If the 2026 list introduces or renames a category, apply the
nearest fitting pattern above and note the category name in the
PR description.

## Step 2 — Tests that would have caught this

Add at least one test that *fails against the old code* and
*passes against the new code*. If the project has no test setup,
add a minimal one; do not skip the test step silently.
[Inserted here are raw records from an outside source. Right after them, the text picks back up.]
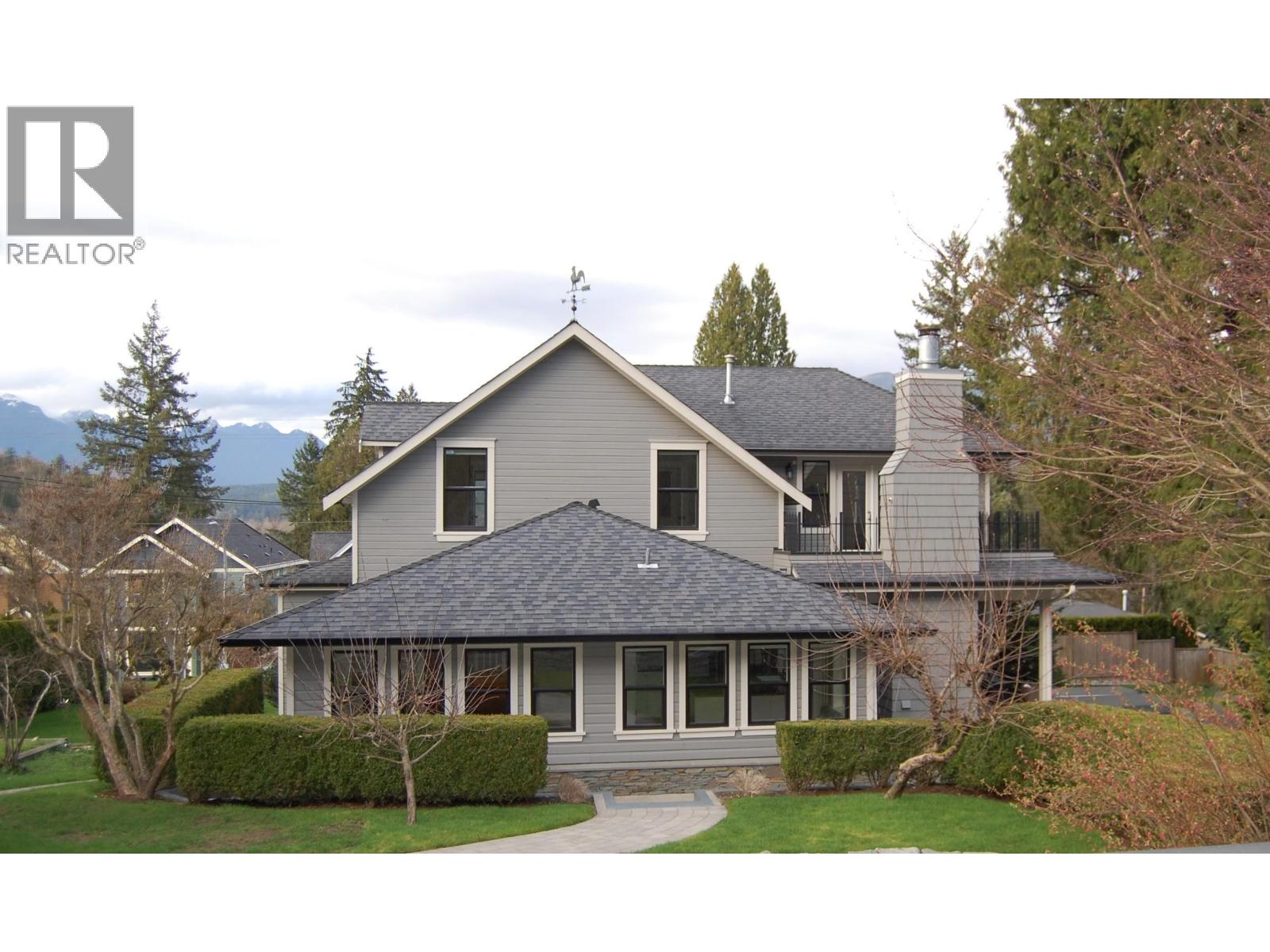 2209 ST. GEORGE Street - photo 2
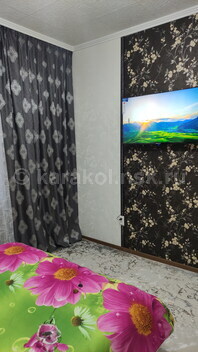 Трехкомнатная квартира по Кыштобаева: ТВ мебель в спальне с двуспальной кроватью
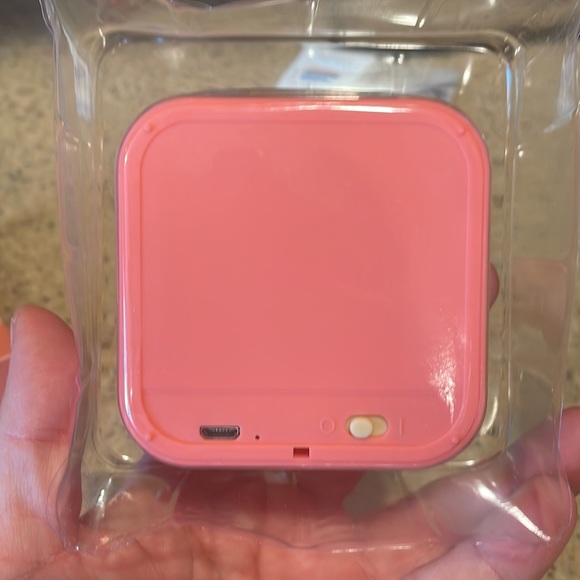 Sonix Bluetooth speaker - NEW IN BOX - Picture 3 of 3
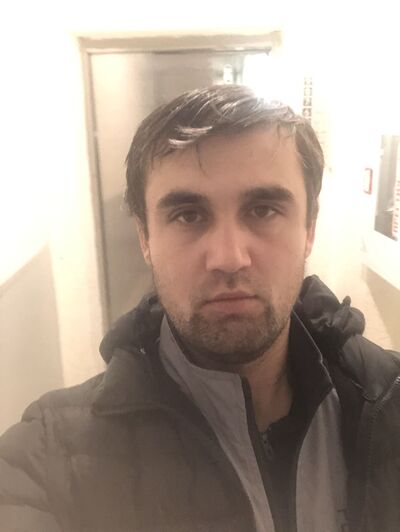  ,   Amir, 29 ,   ,   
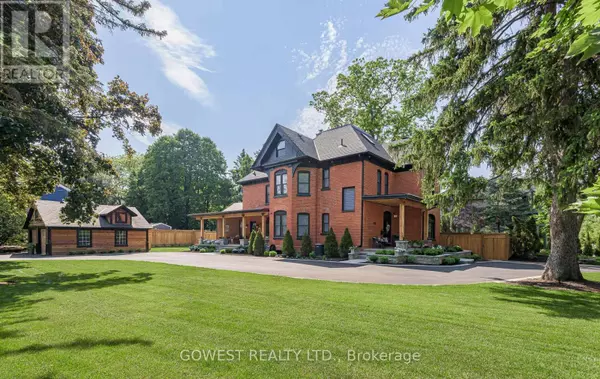Oakville (oo Old Oakville), ON L6J4A3,376 CHARTWELL ROAD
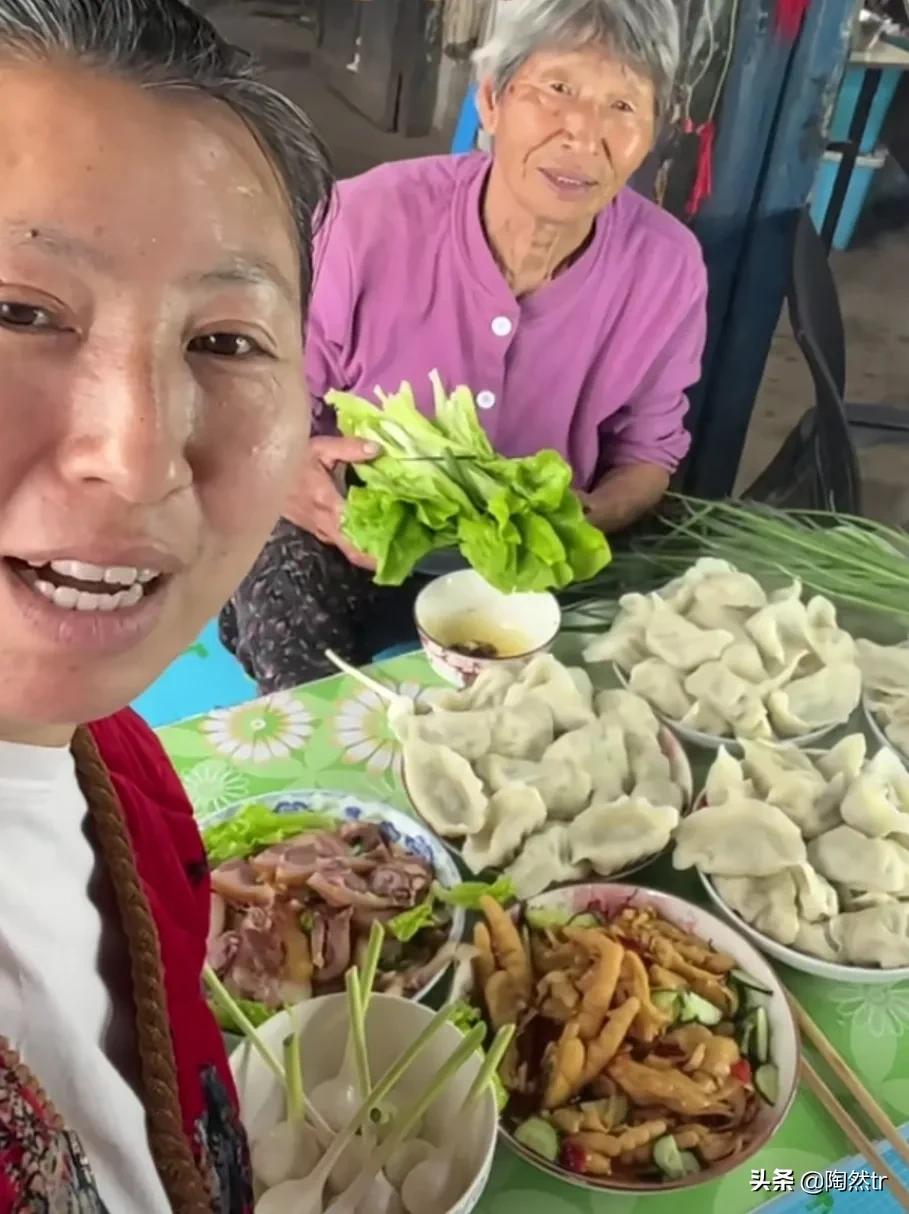 东北网红孙老太和女儿兰兰的身世,农村孙老太和女儿兰兰的身世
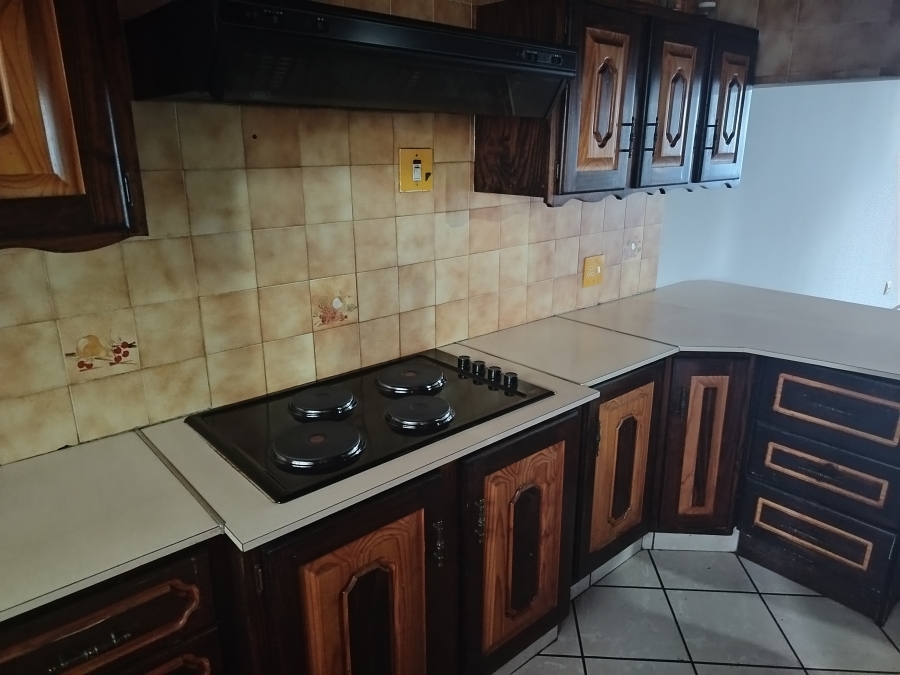 3 Bedroom Property for Sale in Flora Gardens Gauteng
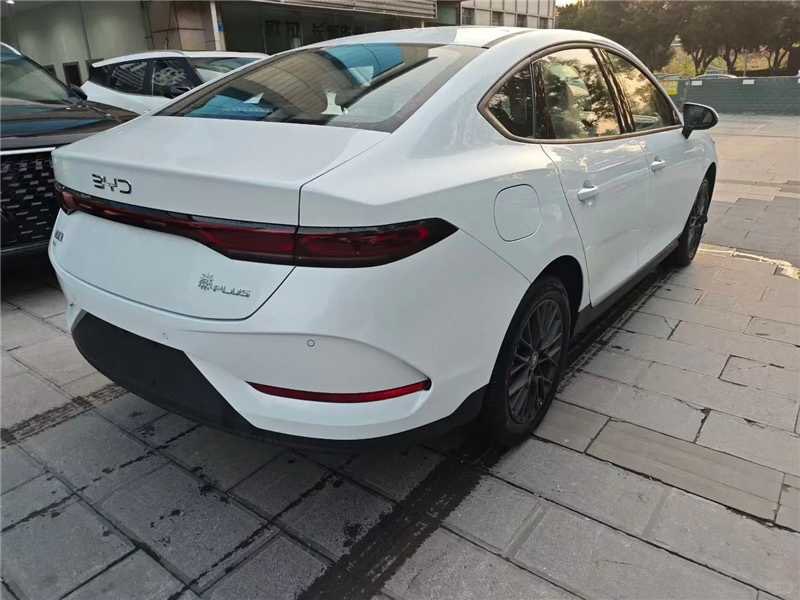 the_cyrilo's tweet photo. Brand New BYD Qin Plus EV 

510KM Range

Aggressive edition.

GH¢ 187,000.00/ US$ 18,000.00 including shipping to Tema https://t.co/C8RYc8sMbH
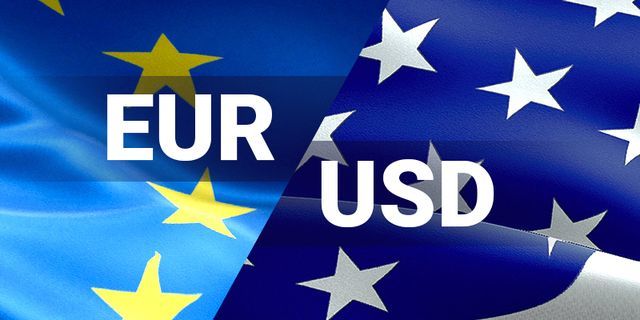 Greenback inches up on positive US data 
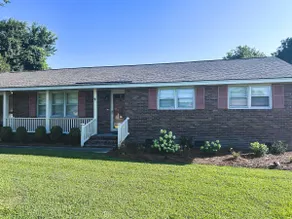 Clean Cozy Cottage near I-20 & I-95 - Image 2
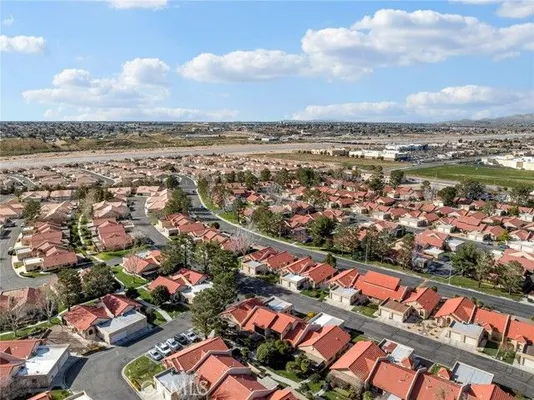 Property Slideshow image 3 of 41 | 19103 frances st, Apple Valley, CA, 92308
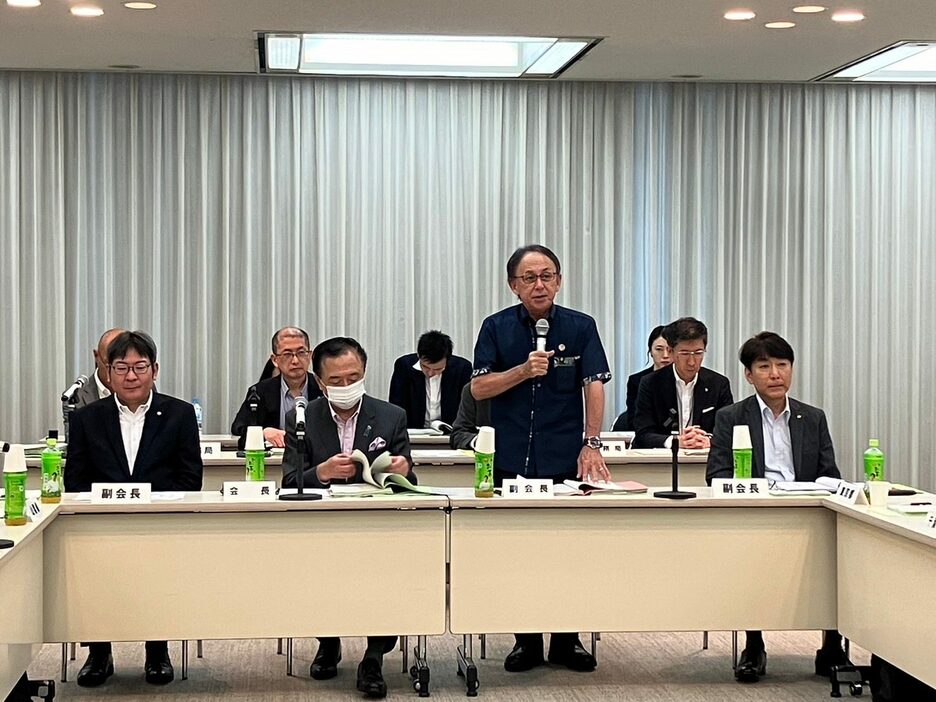 玉城デニー知事も出席した渉外知事会の会合＝24日午前、東京都の都道府県会館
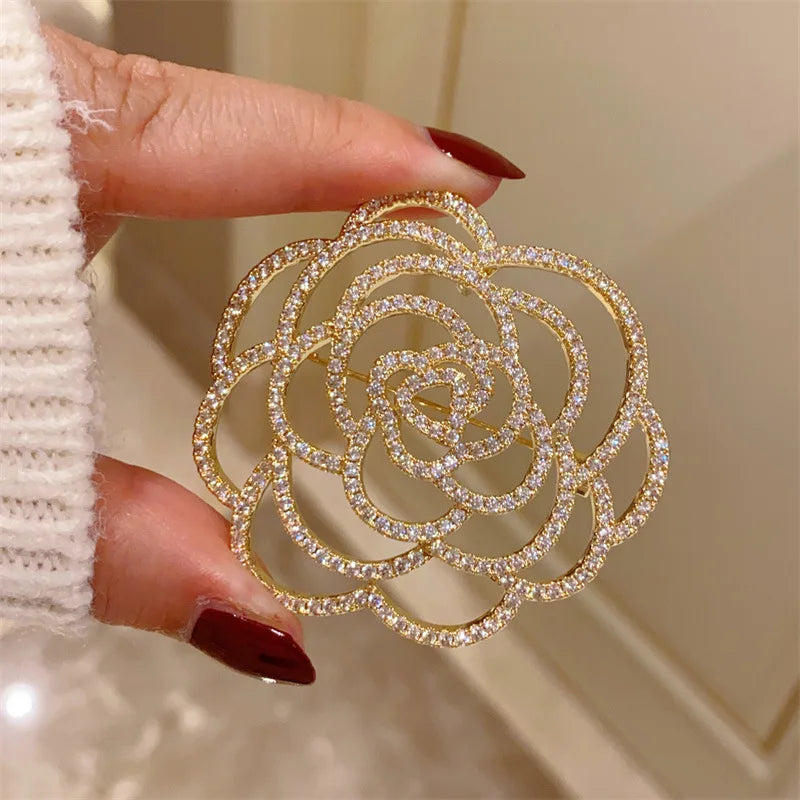 Classic Lady Crystal Folower Brooch Pin Exquisite High-end Women Men Fashion Delixate Shining Badges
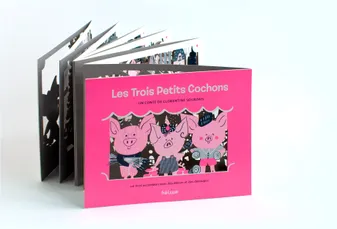 Les Trois Petits Cochons, Un livre accordéon avec des décors et des découpes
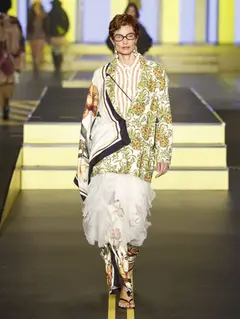 Look 7: casaco, camisa, saia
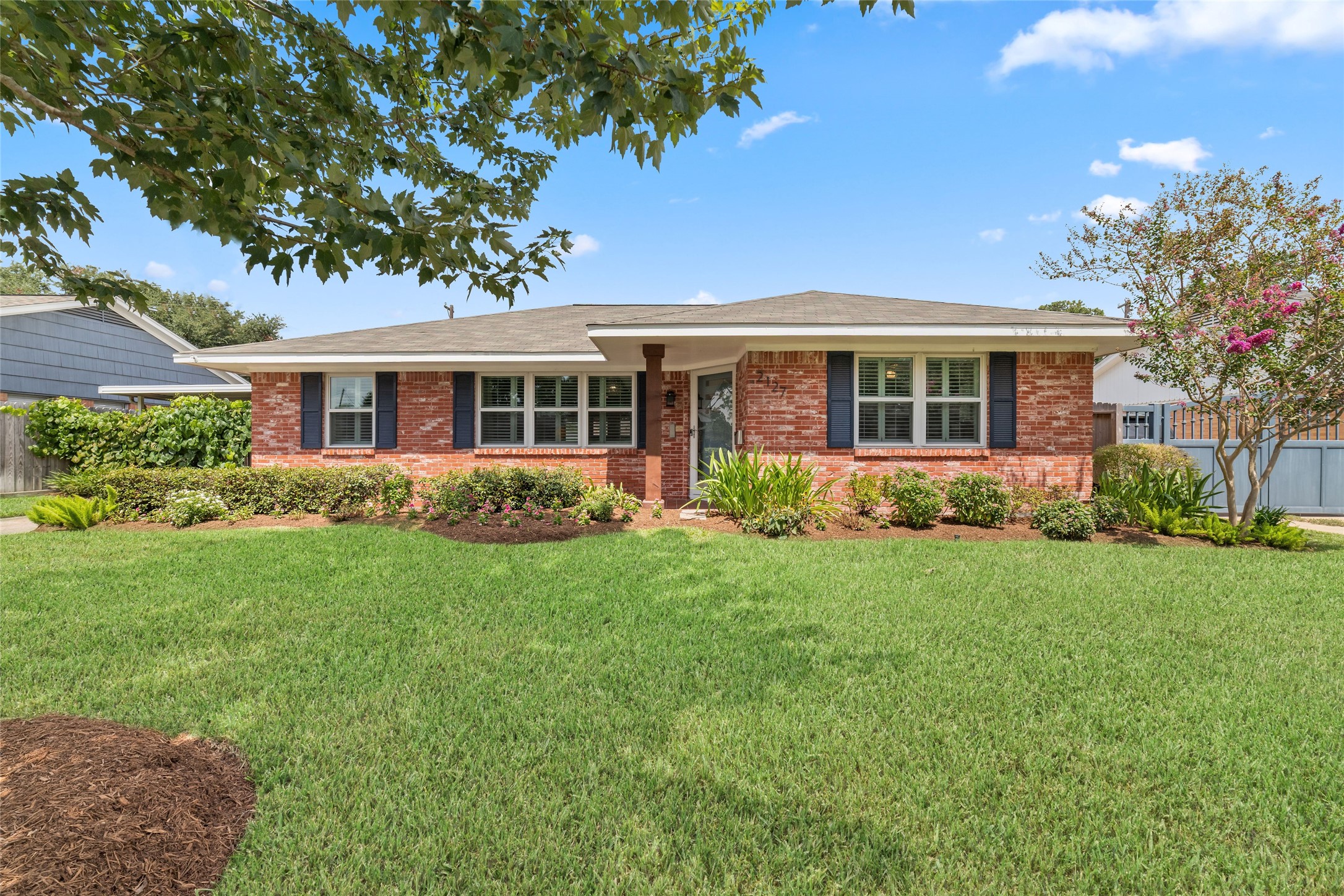 Welcome to 2127 Lazybrook Drive Welcome to 2127 Lazybrook Drive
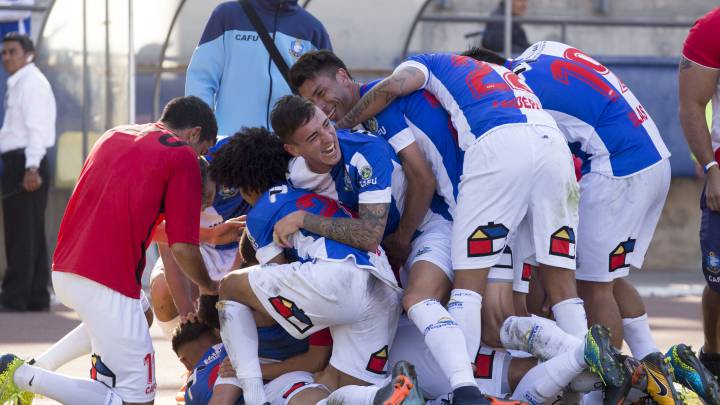 Un gol de Renato González a los 94 minutos le permitió al cuadro Puma celebrar en casa. Temuco había remontado un 0-2 en contra, sin embargo, al final se fue sin premio.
## Step 3 — Commit and open the PR

- Branch: `remediate/owasp-<category>-<short-slug>`.
- Small commits that tell a story: reproduction test, fix, any
  supporting refactor, docstring/config updates.
- PR title: `[Security][<category>] <short description>`.
- PR body must include:
  - OWASP category and link to the source finding.
  - Summary of the weakness and the exploitation path.
  - What was changed, per file.
  - Blast radius — who and what this PR affects.
  - A "how to verify" section with the commands a reviewer
    should run locally.
  - Out-of-scope items discovered along the way, as checklist
    items for follow-up.
- Do not merge. Label as `security-review` (or the repo's
  equivalent).

## Stop conditions

Stop and write a triage note at `TRIAGE.md` (and ping the PR
reviewer channel) instead of forcing a PR if:

- The fix requires a data migration.
- The fix changes an externally-observable API contract.
- The finding turns out to be a false positive (explain briefly
  why).
- Tests fail and you cannot fix them without touching unrelated
  code.
- The fix requires credentials or infra you do not have.

## Scope

- Do not touch files outside the direct fix and its tests.
- Do not rewrite unrelated code "while you're in there."
- Do not update dependencies other than the one the finding
  targets (if any).
- Do not modify CI pipelines, release automation, or secrets.

Output contract

  • Either a PR (happy path) with the structure above, or a TRIAGE.md note (stop condition) with a short justification and a recommendation for the human next step.
  • No auto-merge. Ever.

Guardrails

  • Single-finding scope. One finding → one PR. If the agent notices adjacent issues, it lists them in the PR body’s follow-up checklist — it does not quietly fix them.
  • Tests-before-ship. A PR without a new or updated test is an automatic block. If no test framework exists, the PR adds one minimally.
  • Sensitive-data handling. The agent must never include secrets, keys, or PII in the PR description, commits, or test fixtures. Use obvious dummies.
  • Reversibility. Every change should be reversible via a single revert. No data migrations bundled in.